Es passierte das Gleiche das passiert, wenn man sich zwanzig Aufgaben auf einmal vornimmt. Oder wenn man versucht, zehn Gewohnheiten in einer Woche zu verändern. Ich bin in alle Richtungen gleichzeitig gelaufen. Meine Hauptfigur war alles und nichts zugleich.
Die letzten Tage habe ich mit einer Kurzgeschichte verbracht und mein Hauptwerk einfach liegen lassen. Dazwischen habe ich mir Gedanken gemacht und ein paar Schreibratgeber durchstöbert. Ich wollte lediglich die Denkrichtung ändern. Dabei erinnerte ich mich daran, dass ich ein ähnliches Problem schon einmal hatte, als ich die Story meines Romans auf zehn Seiten zusammenfassen sollte und es mir nicht gelang.
Prägnante Kürzungen. Kurz fassen. Generell nicht meine Stärke.
Für Romane haben wir die Prämisse. Diesen einen bedeutungsschwangeren Satz der uns helfen soll, den Fokus zu behalten.
Wieso haben wir so etwas nicht für Charaktere? Oder für die Welt in der unser Held herum läuft? Einen Anker, zwei Sätze, die mich durch die Geschichte leiten.
Der Grund ist wahrscheinlich die Angst, dass die Charaktere zu eindimensional wirken. Jeder zweite Blogbeitrag handelt davon, wie man Charaktere vielschichtig macht, wie man sie so lebendig wie möglich macht und jedes mal denke ich mir: „Wie soll man DAS alles umsetzen ohne den roten Faden zu verlieren?“
Ein blasser Charakter ist die Nemesis für jeden Autor. Der Satz, der wie ein Damoklesschwert über jeder Rezension hängt. Wir tun alles, damit unsere Charaktere nicht mit diesem Prädikat ausgezeichnet werden. Viele Autoren lösen das durch möglichst viel. Sie lassen den Charakter einfach jede erdenkliche Situation durchleben, jede Emotion mitnehmen, die man sich nur vorstellen kann.

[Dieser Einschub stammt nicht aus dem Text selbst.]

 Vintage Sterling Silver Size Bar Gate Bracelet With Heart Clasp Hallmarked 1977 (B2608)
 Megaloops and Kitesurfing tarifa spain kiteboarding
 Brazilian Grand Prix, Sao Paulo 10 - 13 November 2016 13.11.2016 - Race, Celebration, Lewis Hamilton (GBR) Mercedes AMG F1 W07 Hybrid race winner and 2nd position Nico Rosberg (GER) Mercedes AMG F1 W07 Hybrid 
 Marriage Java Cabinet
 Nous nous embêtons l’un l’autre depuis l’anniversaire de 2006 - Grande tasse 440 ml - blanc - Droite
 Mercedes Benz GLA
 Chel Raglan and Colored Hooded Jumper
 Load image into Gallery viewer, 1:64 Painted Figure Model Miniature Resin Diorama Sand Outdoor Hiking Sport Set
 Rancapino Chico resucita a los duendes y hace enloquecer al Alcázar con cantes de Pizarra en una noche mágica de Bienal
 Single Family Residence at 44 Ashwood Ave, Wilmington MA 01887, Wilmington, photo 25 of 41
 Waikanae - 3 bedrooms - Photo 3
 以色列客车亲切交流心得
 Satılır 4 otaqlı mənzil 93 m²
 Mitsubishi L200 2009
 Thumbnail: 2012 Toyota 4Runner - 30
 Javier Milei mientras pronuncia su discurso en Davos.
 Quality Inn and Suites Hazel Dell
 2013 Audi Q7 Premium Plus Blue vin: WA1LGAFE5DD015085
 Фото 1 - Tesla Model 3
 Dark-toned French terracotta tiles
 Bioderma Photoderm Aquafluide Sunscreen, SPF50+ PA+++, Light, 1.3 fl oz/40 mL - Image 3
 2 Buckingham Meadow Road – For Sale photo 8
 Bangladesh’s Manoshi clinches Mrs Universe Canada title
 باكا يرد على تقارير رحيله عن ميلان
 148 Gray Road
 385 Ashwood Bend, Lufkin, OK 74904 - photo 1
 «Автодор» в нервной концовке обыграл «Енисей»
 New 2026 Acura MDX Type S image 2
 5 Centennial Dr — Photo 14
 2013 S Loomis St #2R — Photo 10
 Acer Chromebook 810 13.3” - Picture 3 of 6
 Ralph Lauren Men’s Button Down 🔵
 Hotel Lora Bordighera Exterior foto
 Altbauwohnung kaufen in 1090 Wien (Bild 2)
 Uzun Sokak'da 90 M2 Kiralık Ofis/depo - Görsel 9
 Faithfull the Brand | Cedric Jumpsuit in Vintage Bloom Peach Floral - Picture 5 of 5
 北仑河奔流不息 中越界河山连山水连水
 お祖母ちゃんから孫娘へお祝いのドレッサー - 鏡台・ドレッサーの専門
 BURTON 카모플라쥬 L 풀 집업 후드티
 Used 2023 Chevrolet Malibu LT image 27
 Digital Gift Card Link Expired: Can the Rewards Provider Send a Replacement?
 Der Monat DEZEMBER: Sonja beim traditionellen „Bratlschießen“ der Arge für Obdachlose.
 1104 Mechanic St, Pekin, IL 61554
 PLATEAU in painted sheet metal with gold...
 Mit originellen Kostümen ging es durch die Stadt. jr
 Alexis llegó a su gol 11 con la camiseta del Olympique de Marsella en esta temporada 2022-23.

Ich habe eine Idee. Die Idee es anders zu machen und die werde ich nun umsetzen. So wie es auch auf der Arbeit funktioniert. Wie es mit Zielen und Gewohnheiten funktioniert. Mit Fokus! Weniger ist mehr, radikal entrümpeln. Im ersten Entwurf muss die Skizze stehen, messerscharf. Dann, erst dann, nehme ich die Farbe und beginne mit den Schattierungen. Ob das funktioniert? Das weiß ich noch nicht. Wir werden es sehen.
Es hat meine Geschichte schon einmal weit nach vorne gebracht, mal sehen, ob es noch einmal hilft.
Wie macht ihr das? Charaktertests? Interviews? Zwanzig Seiten über die Vergangenheit des Charakters? Oder ist auch für euch weniger mehr?